All good stuff. Ministers with good news are like nursery school kids bringing home their first painting!  But we have some issues that we’d like clarifying before we join in the Minister for Tourism’s excitement. They concern the other half of his job, Heritage. Sorry to nitpick, it’s just that brave new visions for Stonehenge have been announced many times before and none of them was real.

First, the major concerns about the Visitor Centre expressed by the Stonehenge Alliance are yet to be publicly addressed, one way or another. They have objected to the Road Orders on the grounds that they objected to the visitor centre proposals and they said at their recent meeting with English Heritage: “[they] could not accept the damaging proposals for the new visitor centre and a well-lit roundabout close by as a trade off: such proposals would be contrary to HMG’s commitments in respect of the World Heritage Convention, as well as planning policy.”

Second, all sorts of details have been left unexplained – including the exact nature of the transit system (will it look naff and unworthy of our national icon or not?), the fences (will there really be free access to the stones, it seems highly problematical, yet no-one has come clean about what’s intended) and did the English Heritage Chief Executive really mean it when he called the Visitors’ Centre  a “museum”?

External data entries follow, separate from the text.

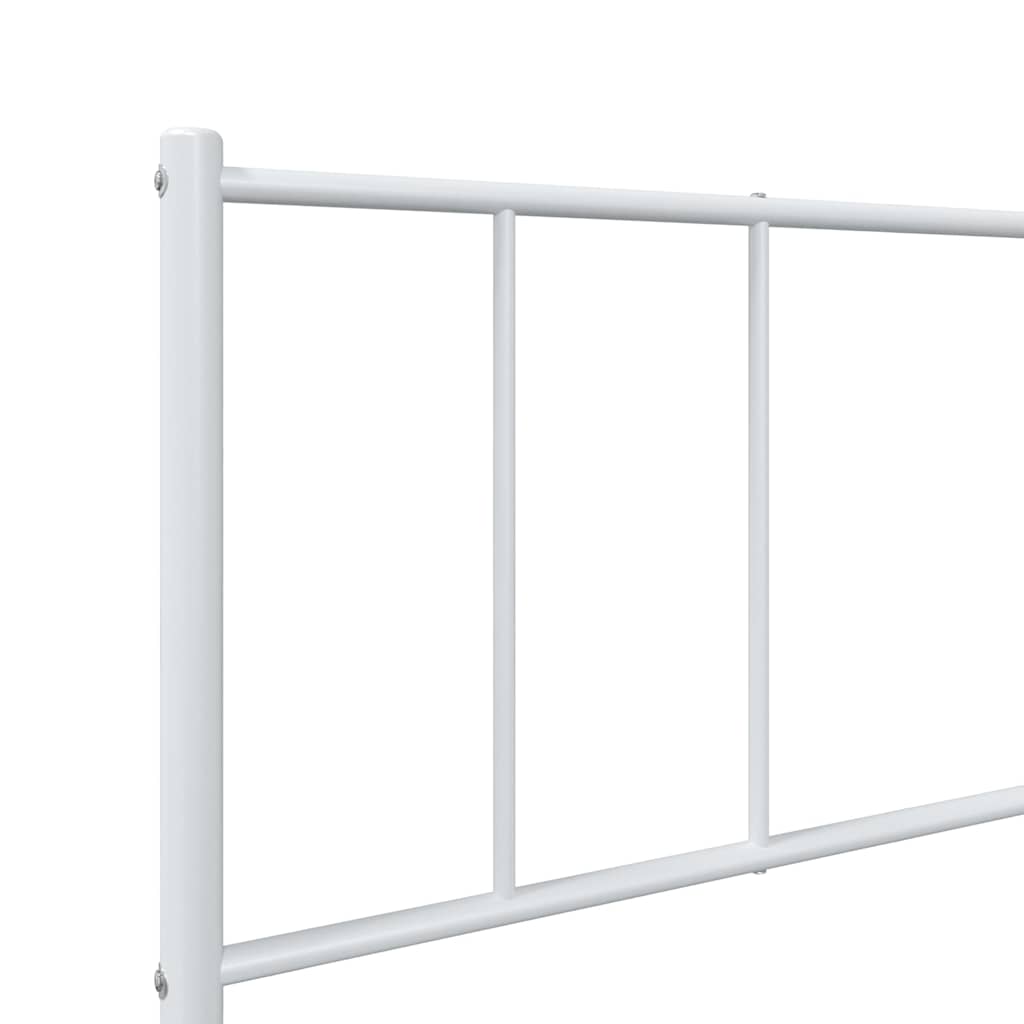 sengeramme med sengegavl og fodgærde 100x190 cm metal hvid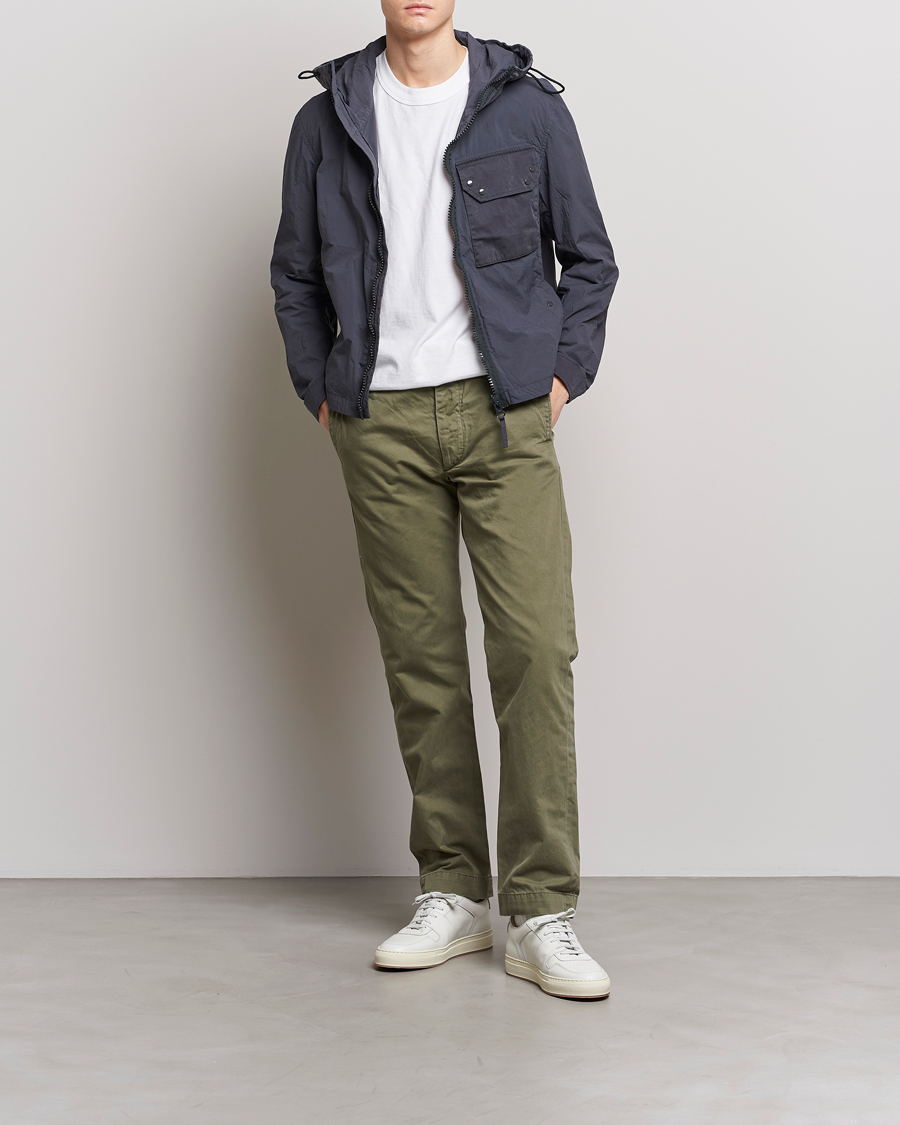 Mies | Takit | Ten c | Garment Dyed Nylon Hooded Jacket Blue Grey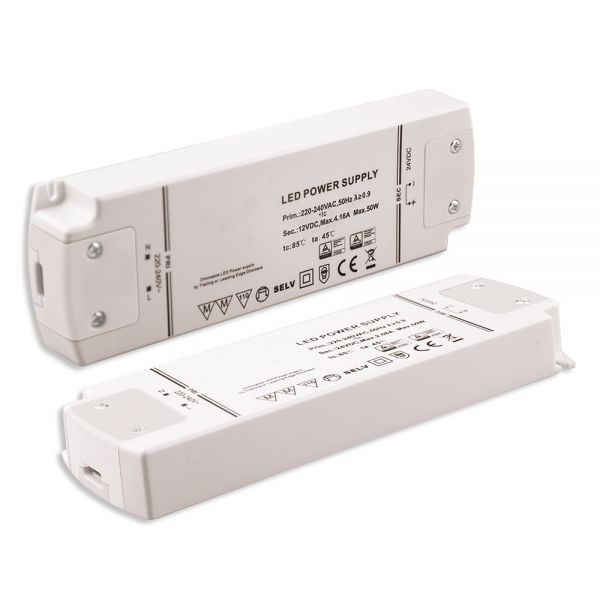 IsoLED® LED Trafo, LED Transformator für LED Streifen dimmbar 12V DC Gleichspannung 50 Watt LxBxH 177x57x22.5 mm für Möbeleinbau, TÜV geprüft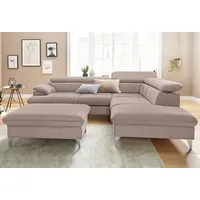 Cotta Polstergarnitur »Caluso«, (2 tlg.), Set: bestehend aus Ecksofa, Hocker, Ecksofa inkl. Kopfteilverstellung braun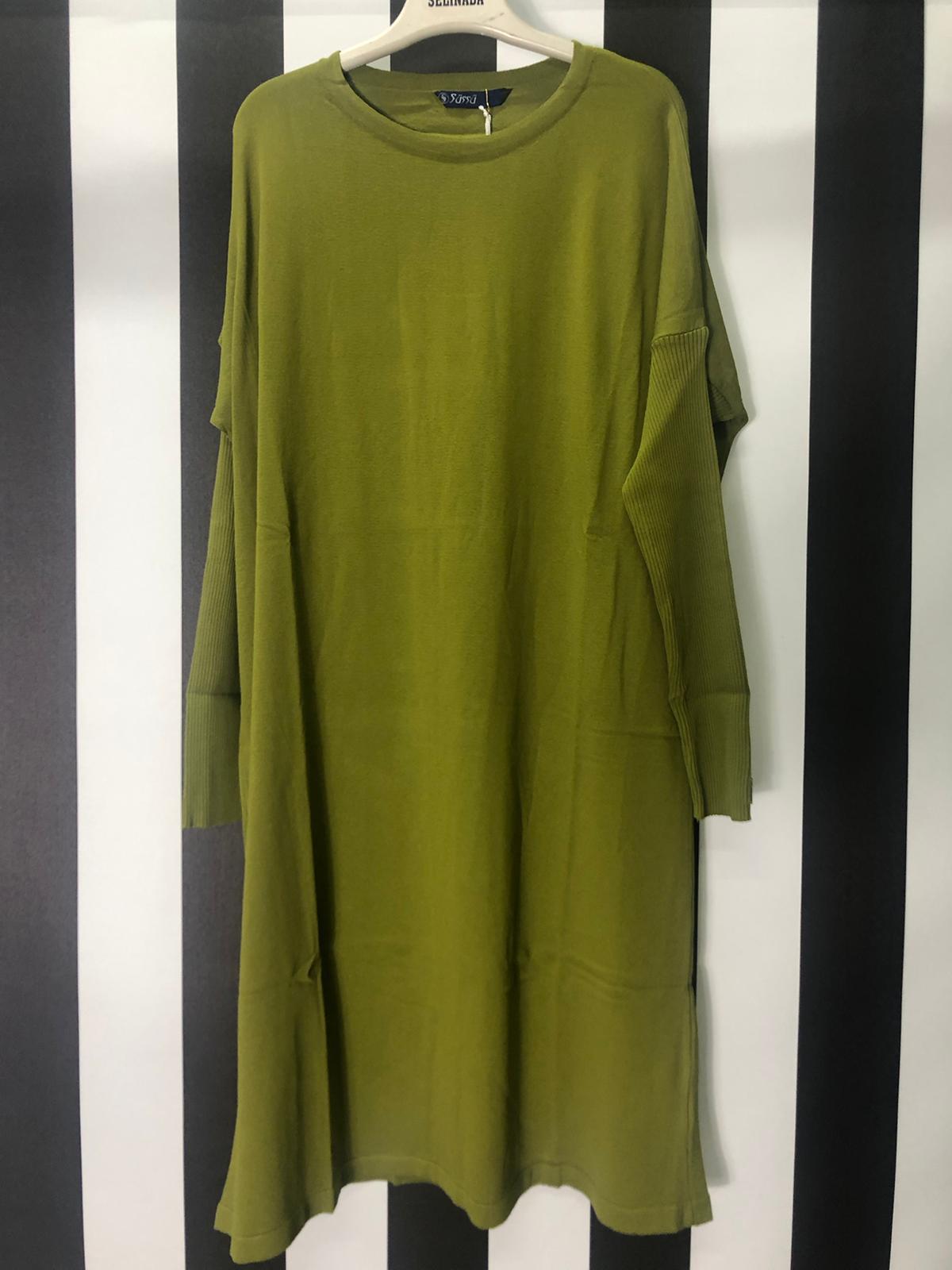 Perfect Rayon Triko Tunik 739 - Yağ yeşili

Third, the Commission for Architecture and the Built Environment has expressed considerable reservations about the design of the Visitors Centre which clearly need resolving – “we have concerns about both the strategic and detailed approach to both landscape and architecture which we feel need to be addressed before planning permission is granted”….. “Our questions are about the extent to which the scheme fulfils its potential to support and intensify the visitor experience of a visit to the Stones. We feel that more work is needed before this critical potential is achieved.”

Fourth, this extra money is to come from “private philanthropy” (that’s the new Big Society approach to funding major capital projects says the Government). Great, we’re all in favour of philanthropy. But we’d like to know exactly WHO will be the Stonehenge philanthropists.

And will there be a price?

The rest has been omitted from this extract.